:: PROVIDED RECORDS
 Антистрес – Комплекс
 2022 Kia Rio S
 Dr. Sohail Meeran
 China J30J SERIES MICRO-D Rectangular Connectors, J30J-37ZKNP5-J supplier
::::
:: PROVIDED RECORDS
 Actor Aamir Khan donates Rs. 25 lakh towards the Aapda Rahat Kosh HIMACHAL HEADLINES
::::
:: PROVIDED RECORDS
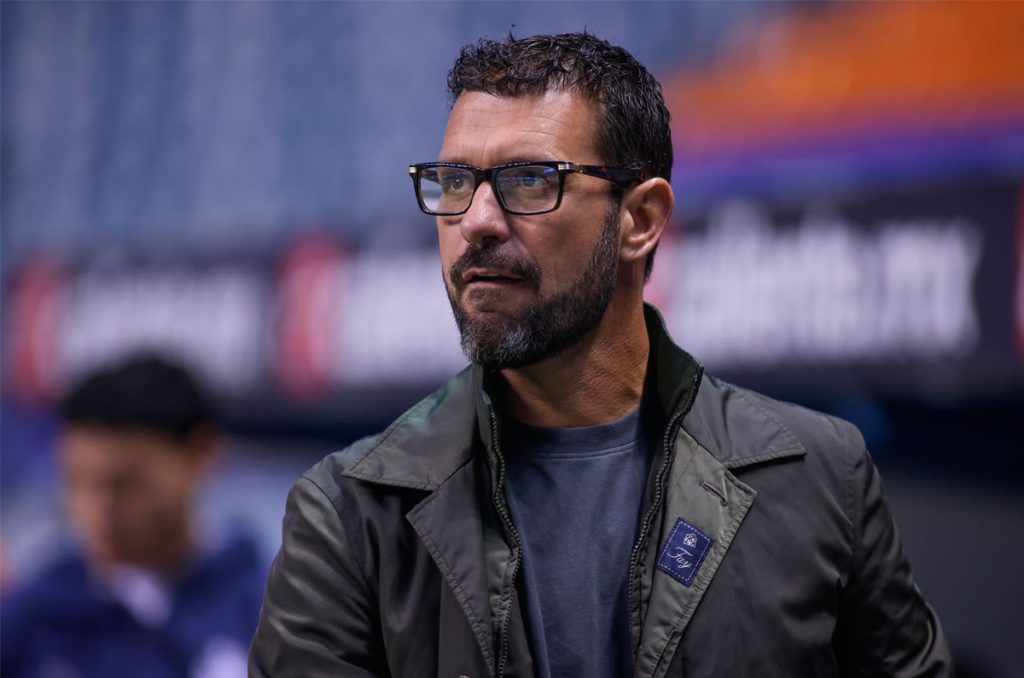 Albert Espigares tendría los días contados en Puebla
::::
**WORK INSTRUCTION**
Could you return exactly the lines above from the line with "2022 Kia Rio S" to the line with "China J30J SERIES", both included, and nothing else?

**RESULT OF THIS TASK**
 2022 Kia Rio S
 Dr. Sohail Meeran
 China J30J SERIES MICRO-D Rectangular Connectors, J30J-37ZKNP5-J supplier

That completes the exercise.